START DATA IN THIS EXERCISE

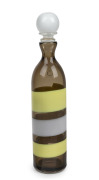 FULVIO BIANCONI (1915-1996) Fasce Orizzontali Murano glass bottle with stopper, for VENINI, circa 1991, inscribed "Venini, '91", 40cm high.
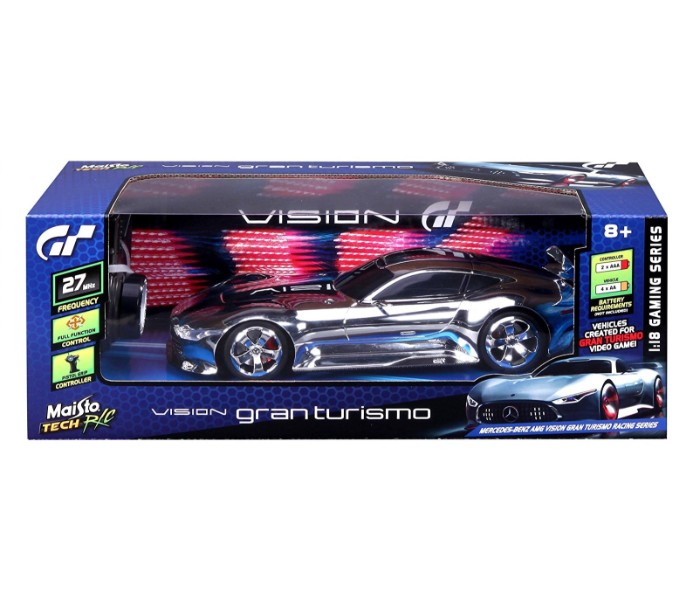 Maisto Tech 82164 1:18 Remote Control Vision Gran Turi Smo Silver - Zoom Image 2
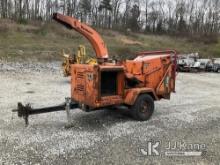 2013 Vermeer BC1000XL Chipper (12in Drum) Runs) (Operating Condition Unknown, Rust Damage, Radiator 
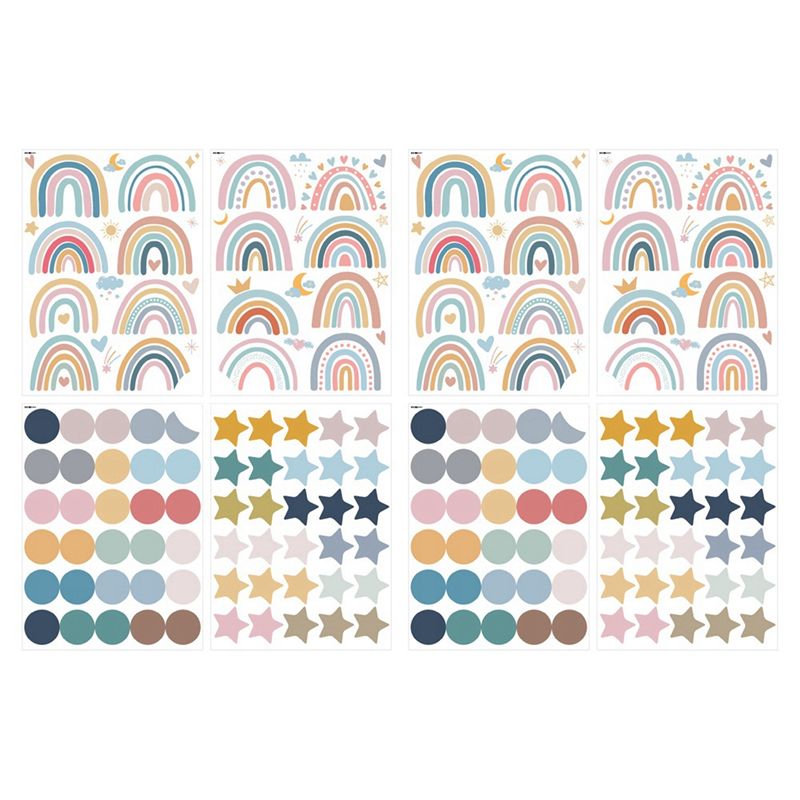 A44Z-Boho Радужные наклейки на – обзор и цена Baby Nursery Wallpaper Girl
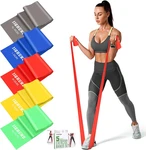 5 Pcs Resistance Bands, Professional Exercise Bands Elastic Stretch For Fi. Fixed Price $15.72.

END DATA IN THIS EXERCISE

**EXERCISE PROMPT:** Give again, unchanged, only the lines from the line containing "A44Z-Boho Радужные наклейки" to the last line of the records above. Pictures do not belong in the copy.

**WRITTEN SOLUTION:**
 A44Z-Boho Радужные наклейки на – обзор и цена Baby Nursery Wallpaper Girl
 5 Pcs Resistance Bands, Professional Exercise Bands Elastic Stretch For Fi. Fixed Price $15.72.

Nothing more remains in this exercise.